** help...

Christopher R Volpe volpe at underdog.crd.ge.com
Wed Aug 22 22:18:58 AEST 1990


In article <1884 at jura.tcom.stc.co.uk>, rmj at tcom.stc.co.uk (Rhodri James)
writes:
|>You want the whole list or just the short version? :-)
|>
|>1) array is an int **  so the malloc should be cast to that
|>2) the "elements" are int *, so that should be what you take sizeof.
|>Pointers haven't been equivalent to ints for some while.
|>3) this isn't vastly relevant to PC applications, but doing a
|>multiplication as your argument to malloc is just asking for alignment
|>trouble. Either calloc(xL, sizeof(int *)), or (more grungily)
|>malloc(sizeof(int *[xL])) (will this work if xL is a variable?)

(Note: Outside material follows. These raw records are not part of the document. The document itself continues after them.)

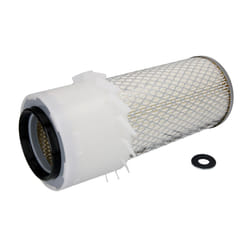 Filtro aria MANN-FILTER C 1188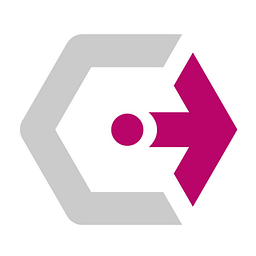 Chiesi GmbH Logo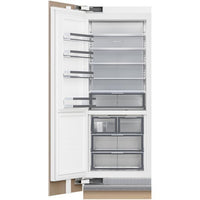 Fisher & Paykel Upright RS3084FLJE1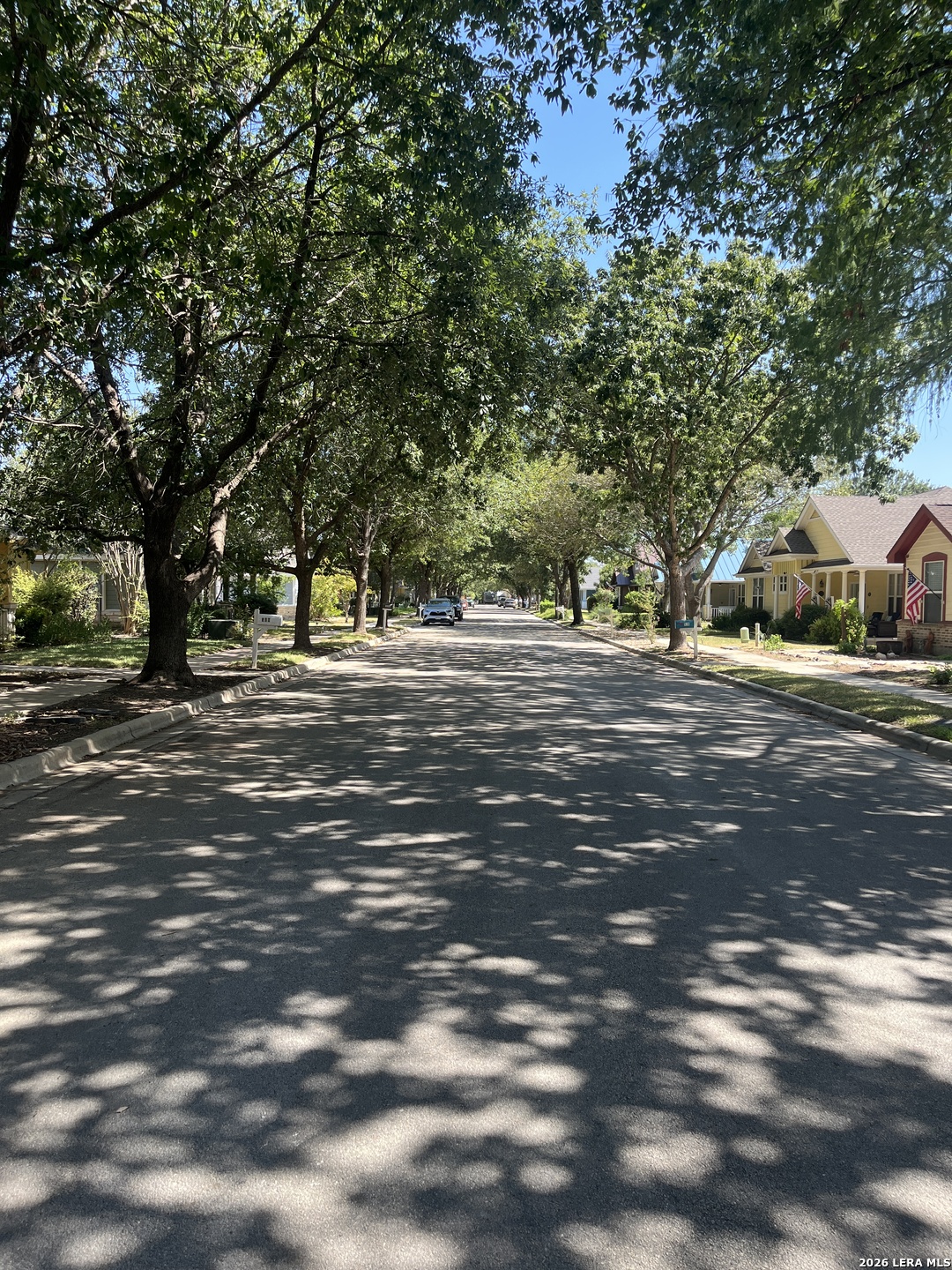 528 Jo Lynn New Braunfels TX 78130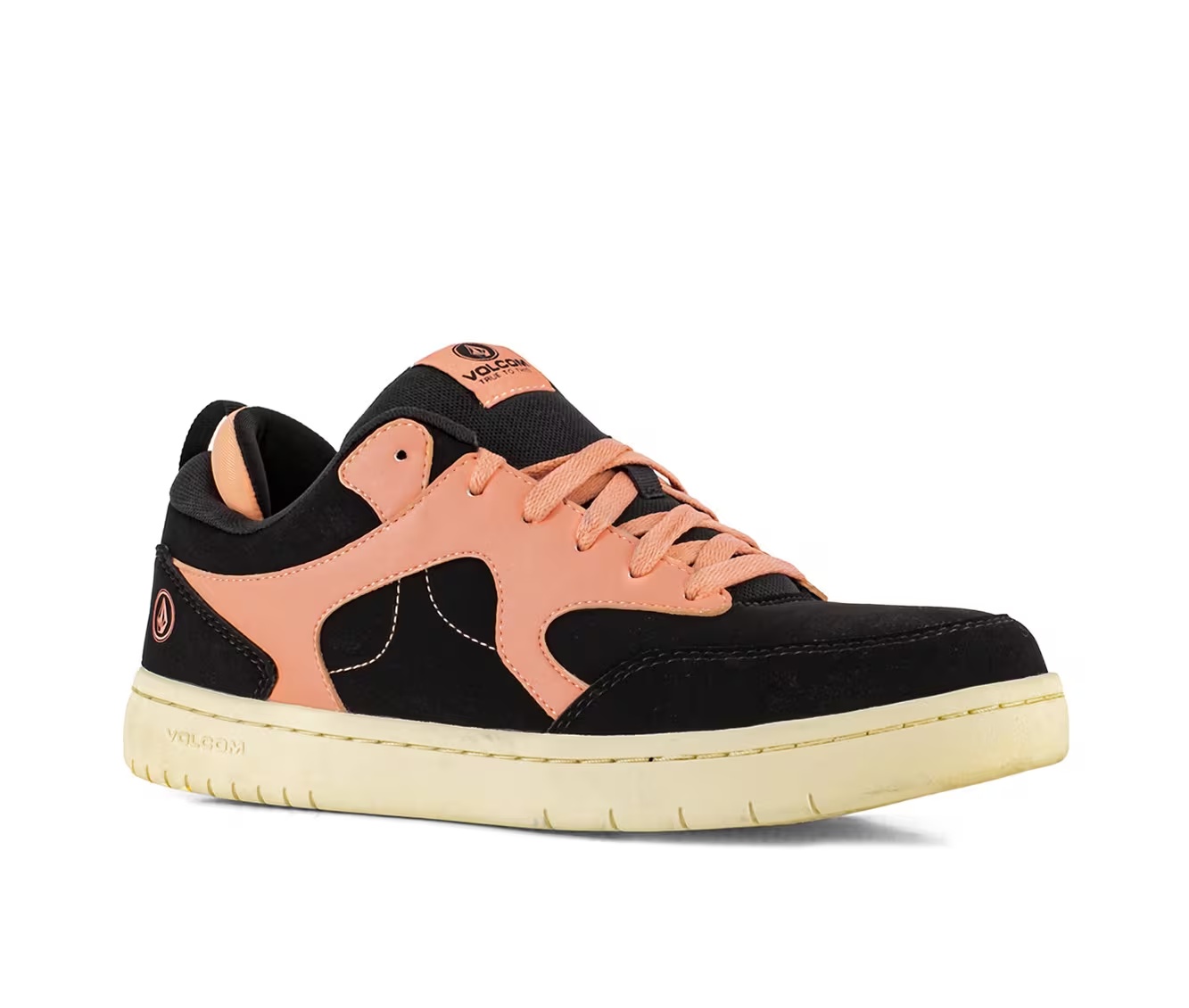112325-women-x27-s-volcom-work-vitals-w-ct-work-shoes-1.jpg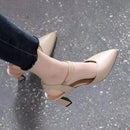 Luxury Heels Forever - Buy 1 Get 2 - likeinstore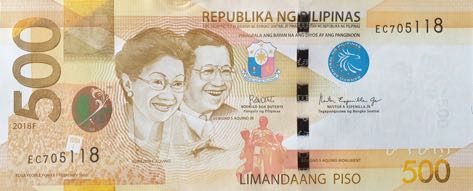 Philippines_BSP_500_pesos_2018F.00.00_B1088b_PNL_EC_705118_f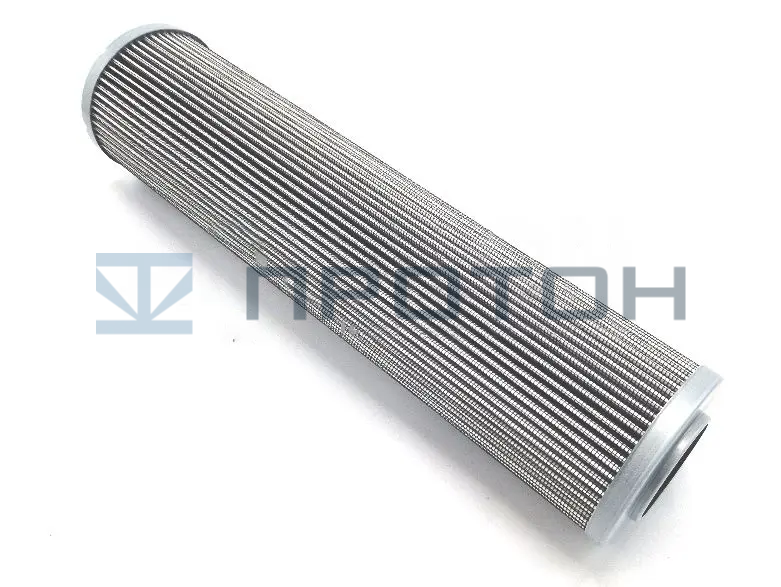 3746 Фильтрующий элемент 6 микрон 13", A-11367 — изображение 1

First, malloc doesn't know or care (and couldn't find out if it wanted
to) whether the argument being passed in is a constant expression
(like sizeof(anything)) or an expression computed at runtime via
a multiplication. My copy of K&R II says (section 7.8.5) that the
pointer returned by malloc or calloc has proper alignment for the
object in question. My manpage (SunOS 4.0.?) says that calloc USES
malloc to allocate the storage, and then initializes it to zeros.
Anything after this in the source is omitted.